A rapid sensitive and reproductive reversed phase high performance liquid chromatographic method with photo diode arrray detection is described for the simultaneous quantification of major oleane derivatives: arjunic acid (4), arjunolic acid (3), arjungenin (2) and Arjunetin (1) in Terminalia arjuna extract. The method involves the use of a Waters Spherisorb S10 ODS2 column (250 x 4.6 mm, I.D., 10 microm) and binary gradient mobile phase profile. The various other aspects of analysis viz. Extraction efficiency, peak purity and similarity were validated using a photo diode array detector.

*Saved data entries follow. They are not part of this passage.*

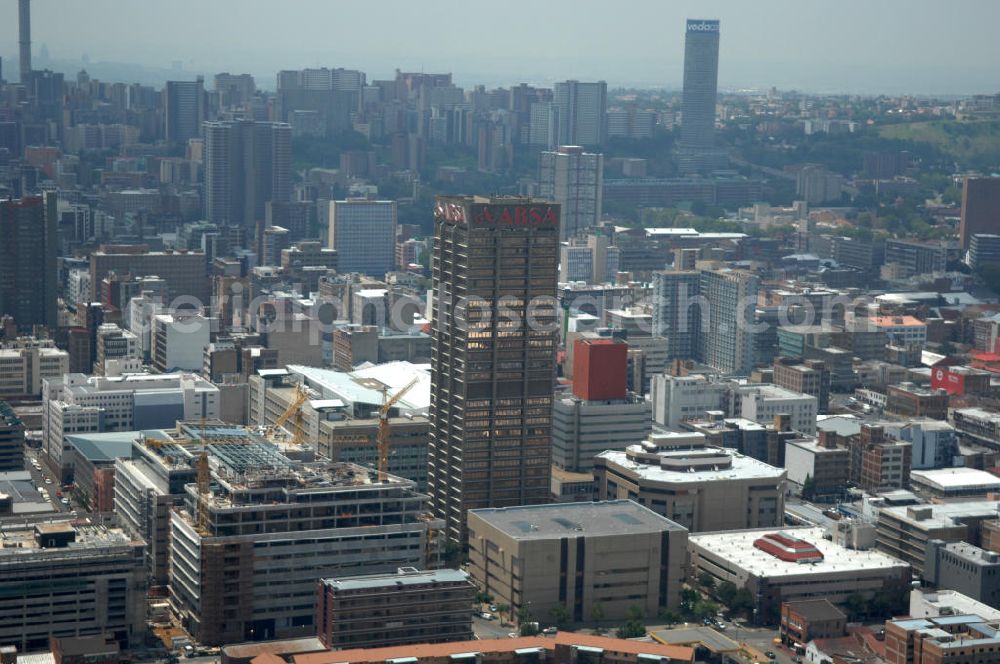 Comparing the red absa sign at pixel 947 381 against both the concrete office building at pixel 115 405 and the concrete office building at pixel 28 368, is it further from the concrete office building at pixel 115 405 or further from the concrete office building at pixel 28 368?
the concrete office building at pixel 28 368

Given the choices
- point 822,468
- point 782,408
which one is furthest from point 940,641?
point 782,408

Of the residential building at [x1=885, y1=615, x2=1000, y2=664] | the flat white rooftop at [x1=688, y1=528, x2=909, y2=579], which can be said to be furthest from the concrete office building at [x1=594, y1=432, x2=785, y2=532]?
the residential building at [x1=885, y1=615, x2=1000, y2=664]

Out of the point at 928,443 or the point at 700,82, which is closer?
the point at 928,443

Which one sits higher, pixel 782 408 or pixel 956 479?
pixel 782 408

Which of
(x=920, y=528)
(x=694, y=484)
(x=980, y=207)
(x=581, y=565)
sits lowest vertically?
(x=581, y=565)

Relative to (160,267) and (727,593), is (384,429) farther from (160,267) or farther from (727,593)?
(160,267)

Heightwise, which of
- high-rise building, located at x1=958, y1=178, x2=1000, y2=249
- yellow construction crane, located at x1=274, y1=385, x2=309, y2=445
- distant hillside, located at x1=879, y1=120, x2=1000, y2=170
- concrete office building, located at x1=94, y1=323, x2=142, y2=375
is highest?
distant hillside, located at x1=879, y1=120, x2=1000, y2=170

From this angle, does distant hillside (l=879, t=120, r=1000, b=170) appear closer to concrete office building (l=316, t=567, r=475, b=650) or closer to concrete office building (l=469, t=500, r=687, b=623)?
concrete office building (l=469, t=500, r=687, b=623)

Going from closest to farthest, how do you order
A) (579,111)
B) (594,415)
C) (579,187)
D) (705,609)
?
(705,609) → (594,415) → (579,187) → (579,111) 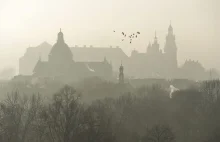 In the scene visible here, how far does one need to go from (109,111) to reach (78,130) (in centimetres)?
3374

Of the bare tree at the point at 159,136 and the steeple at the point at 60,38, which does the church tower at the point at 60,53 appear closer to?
the steeple at the point at 60,38

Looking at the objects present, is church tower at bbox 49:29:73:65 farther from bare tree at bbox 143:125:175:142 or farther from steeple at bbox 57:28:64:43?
bare tree at bbox 143:125:175:142

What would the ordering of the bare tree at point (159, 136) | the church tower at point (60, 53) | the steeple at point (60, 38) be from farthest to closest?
the steeple at point (60, 38)
the church tower at point (60, 53)
the bare tree at point (159, 136)

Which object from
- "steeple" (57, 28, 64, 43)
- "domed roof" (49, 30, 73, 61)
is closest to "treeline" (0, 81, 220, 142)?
"domed roof" (49, 30, 73, 61)

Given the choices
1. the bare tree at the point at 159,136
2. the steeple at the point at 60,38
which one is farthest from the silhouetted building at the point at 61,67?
the bare tree at the point at 159,136

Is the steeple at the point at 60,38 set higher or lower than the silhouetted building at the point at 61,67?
higher

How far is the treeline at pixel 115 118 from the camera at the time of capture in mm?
45125

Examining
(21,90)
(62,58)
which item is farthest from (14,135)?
(62,58)

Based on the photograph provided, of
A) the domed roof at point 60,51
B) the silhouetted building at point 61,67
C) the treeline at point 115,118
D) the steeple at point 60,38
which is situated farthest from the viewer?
the steeple at point 60,38

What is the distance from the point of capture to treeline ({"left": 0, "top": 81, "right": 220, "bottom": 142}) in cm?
4512

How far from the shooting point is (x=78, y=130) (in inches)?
1811

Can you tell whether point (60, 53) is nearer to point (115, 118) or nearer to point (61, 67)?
point (61, 67)

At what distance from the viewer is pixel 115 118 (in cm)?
7756

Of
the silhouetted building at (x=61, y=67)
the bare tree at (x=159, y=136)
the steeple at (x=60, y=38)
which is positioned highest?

Quadranosides VI-XI, six new triterpene glucosides from the seeds of Combretum quadrangulare.[Pubmed:10959573]
Chem Pharm Bull (Tokyo). 2000 Aug;48(8):1114-20.
Six new triterpene glucosides, quadranosides VI-XI (1-6), belonging to three different [ursane- (1-4), oleanane- (5) and lupane-type (6)] triterpene classes, have been isolated from a MeOH extract of the seeds of Combretum quadrangulare KURZ (Combretaceae), together with nine known compounds, rosamutin (7), 28-O-beta-D-glucopyranosyl-6beta,23-dihydroxytormentic acid (8), Arjunetin (9), arjunglucoside II (10), combreglucoside (11), chebuloside II (12), vitexin (13), (+)-catechin (14) and (-)-epigallocatechin (15). The structures of these compounds were elucidated by spectroscopic analysis.